Increase in unlawful northern border crossings alarms residents
- Officials in one sector reporting 118% increase in crossings from last year
- Local woman says she sees people crossing her front yard
- Southern border agents have been called up north to help
(NewsNation) — Communities along the northern U.S. border with Canada are sounding a new alarm over a significant increase in people illegally crossing into the United States.
Officials say the number of people they are encountering within the Swanton Sector, which covers Vermont as well as counties in New York and New Hampshire, are up by 118% this fiscal year from last year.
April numbers eclipsed FY21 and FY22 combined, according to Swanton Sector Chief Border Patrol Agent Robert Garcia. As of Thursday, there have been nearly 2,000 encounters in May alone. Last year, there were 365 during the same time period.
“The question is how much of it, how many ‘gotaways’ are there, so to speak?” Garcia asked.
According to U.S. Customs and Border Protection data, there were a total of 16,750 migrant encounters along the entire northern border in April, an 18.5% increase from April 2023. Since October — the start of the 2024 fiscal year — there have been more than 108,000 encounters along the entire northern border, roughly four times as many as there were in all of fiscal year 2021.

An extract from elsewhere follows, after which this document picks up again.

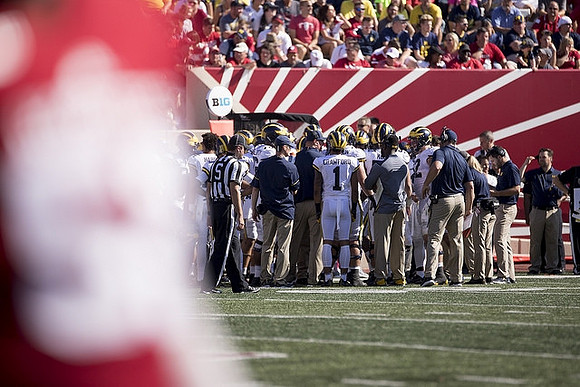 Michigan Team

Encounters along the northern border have increased each year since 2021.
Border walls have not been constructed along the northern border, unlike its southern counterpart.
While concrete barriers are starting to be built in the area, these are meant to stop cars, not necessarily people.
In the Champlain area of New York, the busiest part of the Swanton Sector, one mom told NewsNation she won’t let her kids go outside without supervision because of the spike in crossings. Christina Wimble, who runs a day care in the area, says she and others have seen many people walking freely through the front of their yard.
“They don’t have a handle on it,” Wimble said. “It wouldn’t be happening if they had a handle on it. I don’t feel safe with my kids being outside by themselves. I’m constantly outside or I’m looking at my windows, because they’re little. They can’t protect themselves.”
Border Patrol sources confirmed to NewsNation that things have slowed down a little since some agents from the southern part of the country, namely Texas’ Del Rio Sector, came up to the northern border to help out.
These sources say they’re trying to get agents to come to the northern border, as well as San Diego, as they don’t have enough resources on their own.